### Study material

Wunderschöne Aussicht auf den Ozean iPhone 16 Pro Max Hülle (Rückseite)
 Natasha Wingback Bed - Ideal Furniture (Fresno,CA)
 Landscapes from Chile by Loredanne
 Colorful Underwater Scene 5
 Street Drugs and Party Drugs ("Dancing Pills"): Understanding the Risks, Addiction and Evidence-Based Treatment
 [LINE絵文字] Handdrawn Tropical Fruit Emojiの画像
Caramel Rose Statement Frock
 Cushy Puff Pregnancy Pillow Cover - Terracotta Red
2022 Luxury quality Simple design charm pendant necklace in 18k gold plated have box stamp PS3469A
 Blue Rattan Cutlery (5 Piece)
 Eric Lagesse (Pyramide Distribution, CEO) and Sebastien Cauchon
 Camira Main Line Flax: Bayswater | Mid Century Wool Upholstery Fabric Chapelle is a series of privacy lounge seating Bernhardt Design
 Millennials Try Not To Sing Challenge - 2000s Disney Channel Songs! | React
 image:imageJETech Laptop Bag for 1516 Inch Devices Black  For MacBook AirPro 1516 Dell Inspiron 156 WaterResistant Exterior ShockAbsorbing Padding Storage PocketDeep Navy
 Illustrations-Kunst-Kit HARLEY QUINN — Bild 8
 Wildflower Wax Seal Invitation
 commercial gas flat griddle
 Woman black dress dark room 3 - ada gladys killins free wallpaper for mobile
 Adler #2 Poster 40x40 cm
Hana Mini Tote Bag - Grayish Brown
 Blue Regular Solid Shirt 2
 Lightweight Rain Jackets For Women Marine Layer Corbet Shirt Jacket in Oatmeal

######

> [Aim of the exercise]: Please return only the lines above, starting at the line that has "[LINE絵文字] Handdrawn Tropical Fruit Emojiの画像" and ending at the line that has "Blue Regular Solid Shirt 2", keeping both and leaving each one unchanged.

> [Answer section]:
 [LINE絵文字] Handdrawn Tropical Fruit Emojiの画像
Caramel Rose Statement Frock
 Cushy Puff Pregnancy Pillow Cover - Terracotta Red
2022 Luxury quality Simple design charm pendant necklace in 18k gold plated have box stamp PS3469A
 Blue Rattan Cutlery (5 Piece)
 Eric Lagesse (Pyramide Distribution, CEO) and Sebastien Cauchon
 Camira Main Line Flax: Bayswater | Mid Century Wool Upholstery Fabric Chapelle is a series of privacy lounge seating Bernhardt Design
 Millennials Try Not To Sing Challenge - 2000s Disney Channel Songs! | React
 image:imageJETech Laptop Bag for 1516 Inch Devices Black  For MacBook AirPro 1516 Dell Inspiron 156 WaterResistant Exterior ShockAbsorbing Padding Storage PocketDeep Navy
 Illustrations-Kunst-Kit HARLEY QUINN — Bild 8
 Wildflower Wax Seal Invitation
 commercial gas flat griddle
 Woman black dress dark room 3 - ada gladys killins free wallpaper for mobile
 Adler #2 Poster 40x40 cm
Hana Mini Tote Bag - Grayish Brown
 Blue Regular Solid Shirt 2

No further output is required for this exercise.